Эти отношения закончились лишь с моим отъездом из Вюрцбурга, при котором было пролито много нежных слез. Я долго не мог забыть Фридерику, но, однако, не вел с ней переписки. Два года спустя, проездом через город, я снова навестил ее. Бедняжка вышла ко мне сильно сконфуженная: ее гобоист остался ей верен, и она сделалась матерью, не имея, однако, еще возможности вступить с ним в брак. После этого я совершенно потерял ее из виду.
46
Эти события моей жизни не мешали мне прилежно работать над оперой. Мое усердие поддерживало заботливое участие сестры Розалии. Когда с закрытием театрального сезона я потерял свой заработок хормейстера, моя сестра снова стала аккуратно снабжать меня карманными деньгами, вполне достаточными для того, чтобы, не заботясь ни о чем и не будучи никому в тягость, всецело отдаваться окончанию работы. Впоследствии я нашел свое длинное письмо к Розалии, относящееся к тому времени и исполненное нежной, граничащей с обожанием любви к этому благородному существу.
Затем наступила зима, мой брат возвратился. Театр снова открыл свои двери, но я уже больше не имел к нему никакого отношения. Я выступал в концертах музыкального общества, на которых сам руководил исполнением моей большой увертюры и симфонии C-dur, а также, наконец, и отрывков новой оперы. Одна любительница, фрейлейн Фридель [Friedel], обладавшая превосходным голосом, пела большую арию Ады.

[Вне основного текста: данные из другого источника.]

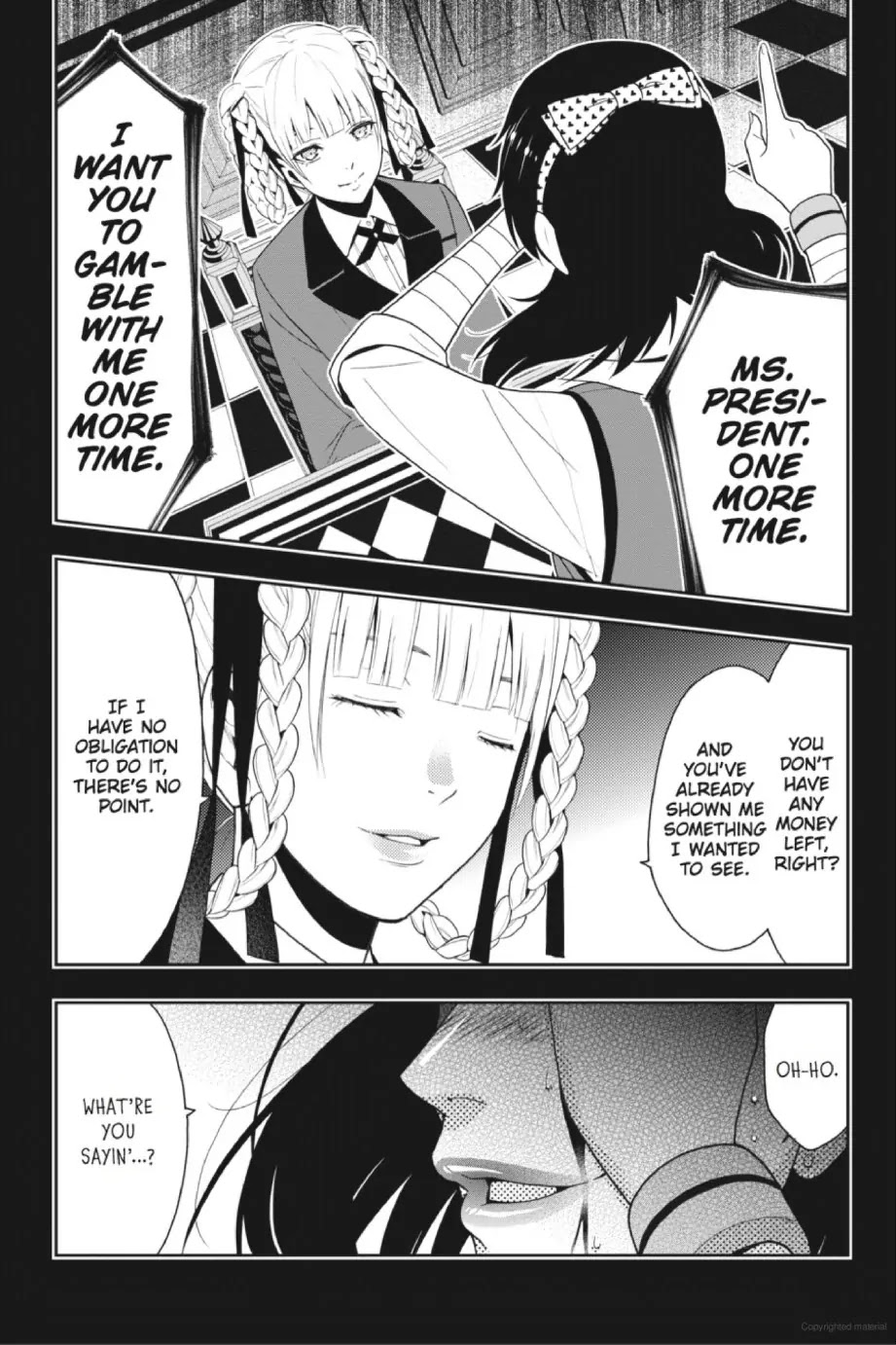 Kakegurui Chapter 13 page 31 - Chapter 13: Delighted Girl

За нею следовал терцет, который в одном месте неожиданно произвел такое захватывающее впечатление на моего брата, также певшего в нем, что, как он мне после признавался, даже опоздал со своим вступлением.

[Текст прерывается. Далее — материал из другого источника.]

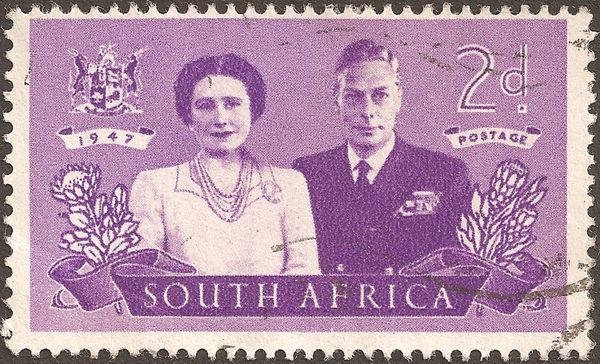 King George VI and Queen Elizabeth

К Рождеству я закончил свою работу, с самой похвальной аккуратностью переписал партитуру и с наступлением нового года должен был отправиться обратно в Лейпциг, чтобы там добиться постановки оперы. По дороге я посетил Нюрнберг, где прогостил неделю у сестры Клары и ее мужа, ангажированных тамошним театром. Я с удовольствием вспоминаю о приятно проведенных днях у этих родственников, которые несколько лет тому назад, когда я гостил у них в Магдебурге, были так огорчены моим решением посвятить себя музыке. Теперь я стал музыкантом, написал большую оперу и кое-что уже исполнил публично, не провалившись. Это сознание было мне отрадно и льстило моим добрым родственникам, которые убедились, что моя якобы плачевная судьба дала в конце концов некоторые результаты. Я был весел и шаловлив, чему очень благоприятствовали не только открытый дом моего зятя, но и располагающая трактирная жизнь Нюрнберга. В необычайно самонадеянном и веселом настроении вернулся я в Лейпциг, где преподнес чрезвычайно довольной матери и искренно обрадованной сестре три внушительных тетради своей партитуры.
47
Моя семья пополнилась возвратившимся из долгих странствий братом Юлиусом. Проработав продолжительное время в Париже в качестве ювелира, он хотел открыть и в Лейпциге такое же дело. Как и другие, брат с нетерпением желал услышать отрывки из моей оперы, что пока было затруднительно, так как я не владел даром легко и понятно передавать такую вещь, и лишь в состоянии полного экстаза мог играть с некоторой выразительностью. Розалия знала, что я ожидал от нее своего рода объяснения в любви: но я так и не прояснил себе, были ли объятие и сестринский поцелуй, которыми она меня наградила после того, как я исполнил свою большую арию Ады, вызваны ее действительной растроганностью или лишь нежной деликатностью по отношению ко мне.
Зато, несомненно, искренне было то рвение, с каким она ходатайствовала за мою оперу перед директором театра Рингельгардтом[210], режиссером и капельмейстером, добившись в результате обещания, что ее поставят и притом даже в скором времени. Меня заинтересовал тот факт, что дирекция тотчас же пожелала выяснить характер костюмов, нужных для моей драмы, и я с изумлением узнал, что их собирались сделать «восточными», тогда как я подбором самих имен, казалось, ясно отметил северный характер моих героев. Но эти имена нашли неподходящими, так как сказания о феях существуют не на севере, а только на востоке, и оригинал Гоцци, несомненно, имел ориенталистический характер. С величайшим негодованием боролся я против невыносимых тюрбанов и кафтанов и настойчиво требовал рыцарских костюмов начала Средних веков.
Затем надо было точно сговориться относительно партитуры с капельмейстером Штегмайером [Stegmayer]. Было очень трудно добиться толку от этого удивительно маленького и толстенького человека с белокурой кудрявой головой и в высшей степени жизнерадостным характером. В кабачке нам всегда удавалось поразительно скоро столковаться. Но как только мы усаживались за рояль, мне приходилось выслушивать самые странные возражения, смысла которых я долгое время не понимал. Так как это шатанье из стороны в сторону сильно затягивало дело, я решил ближе познакомиться с режиссером оперы, очень любимым тогда в Лейпциге певцом и знатоком искусства Хаузером[211].